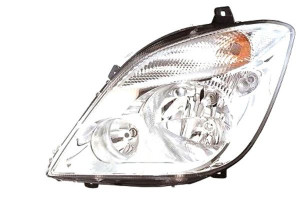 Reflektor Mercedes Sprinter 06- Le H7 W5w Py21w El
————————
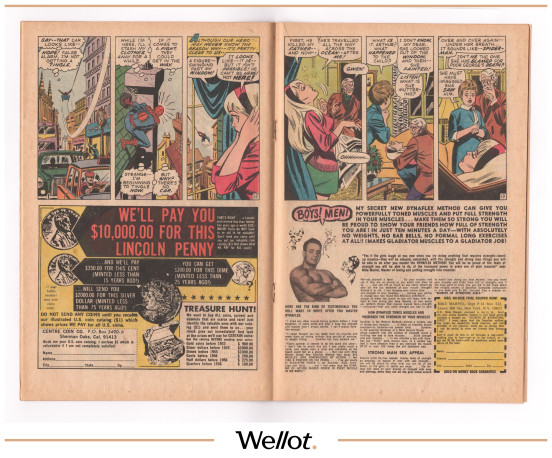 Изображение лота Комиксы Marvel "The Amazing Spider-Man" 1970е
————————
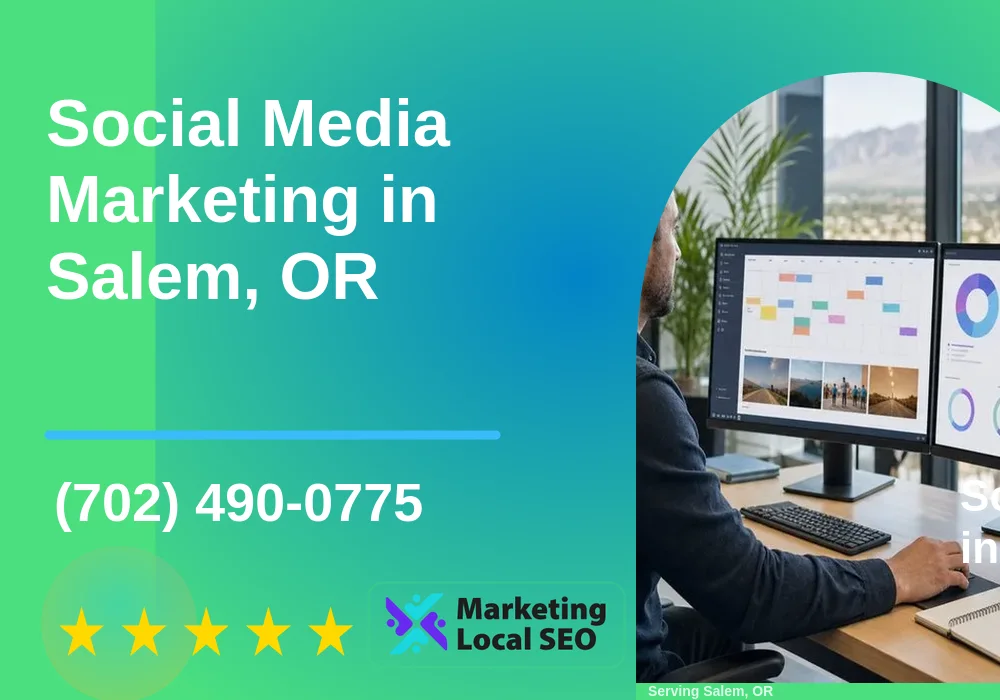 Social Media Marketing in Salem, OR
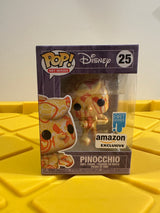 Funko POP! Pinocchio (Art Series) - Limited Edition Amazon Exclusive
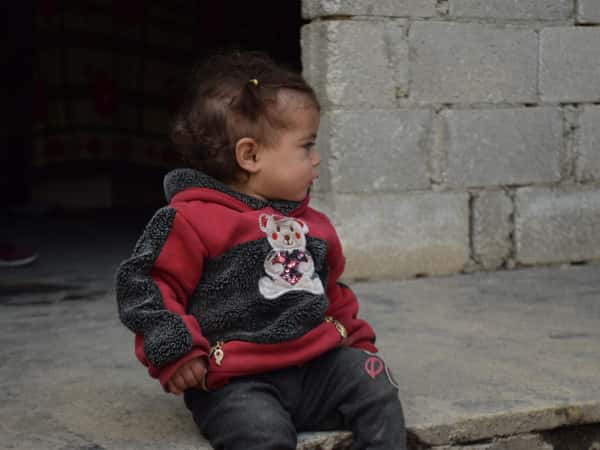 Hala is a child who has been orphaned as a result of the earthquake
————————
_Work to complete_
Start with the line above containing "Funko POP! Pinocchio" and end with the line containing "Hala is a child". Set down that stretch exactly, without any pictures.

_Problem solution_
 Funko POP! Pinocchio (Art Series) - Limited Edition Amazon Exclusive
 Hala is a child who has been orphaned as a result of the earthquake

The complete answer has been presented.